Proposition 1. Let $X_1, \ldots, X_n$ be an i.i.d. sample from an absolutely continuous distribution with probability density $f$ and cumulative distribution function $F$. Let $X_{(1)} = \min_i X_i$ and $X_{(n)} = \max_i X_i$. Then the joint density of $(X_{(1)}, X_{(n)})$, call it $g$, is given by $$ g(x, y) = n (n - 1) \left(F(y) - F(x)\right)^{n - 2} f(x) f(y) $$ for all $(x, y) \in \mathbb{R}^2$ with $x \leq y$ ($g(x, y) = 0$ otherwise).

Proof. We first compute $$ P(X_{(1)} \geq x, X_{(n)} \leq y) $$ for all $x, y \in \mathbb{R}$. This probability is clearly zero if $x > y$, so assume $x \leq y$. Notice that $$ \{X_{(1)} \geq x\} = \{X_1 \geq x, \ldots, X_n \geq x\} $$ and $$ \{X_{(n)} \leq y\} = \{X_1 \leq y, \ldots, X_n \leq y\}, $$ whence $$ \begin{aligned} P(X_{(1)} \geq x, X_{(n)} \leq y) &= P(x \leq X_1 \leq y, \ldots, x \leq X_n \leq y) \\ &= P(x \leq X_1 \leq y) \cdots P(x \leq X_n \leq y) \\ &= \left(F(y) - F(x)\right)^n. \end{aligned} $$ Here we used the independence and identically-distributed-ness of $X_1, \ldots, X_n$ and the fact that their distributions are absolutely continuous.

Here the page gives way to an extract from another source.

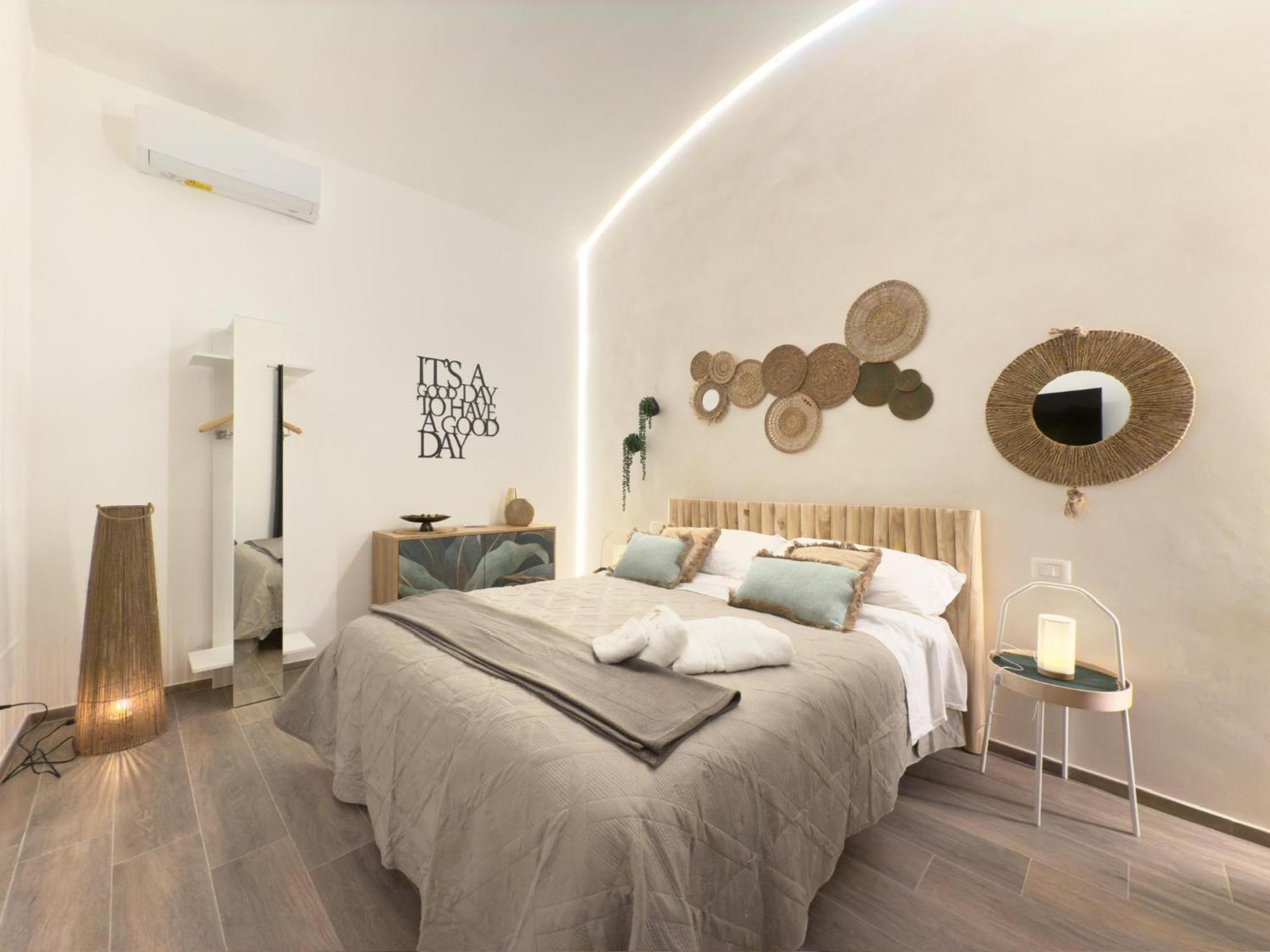 Crelugia - Style & Comfort Near Vecchia * Bari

To summarize, $$ P(X_{(1)} \geq x, X_{(n)} \leq y) = \begin{cases} \left(F(y) - F(x)\right)^n & \text{if $x \leq y$} \\ 0 & \text{otherwise.} \end{cases} $$

The joint density of $(X_{(1)}, X_{(n)})$ is now obtained by differentiating: $$ g(x, y) = -\frac{\partial^2}{\partial x \partial y} P(X_{(1)} \geq x, X_{(n)} \leq y) $$ for a.e. $(x, y) \in \mathbb{R}^2$. When $x > y$, both sides are zero, and when $x \leq y$, then a.e. we have $$ \begin{aligned} g(x, y) &= -\frac{\partial^2}{\partial x \partial y} P(X_{(1)} \geq x, X_{(n)} \leq y) \\ &= -\frac{\partial^2}{\partial x \partial y} \left(F(y) - F(x)\right)^n \\ &= n (n - 1) \left(F(y) - F(x)\right)^{n - 2} f(x) f(y), \end{aligned} $$ as claimed.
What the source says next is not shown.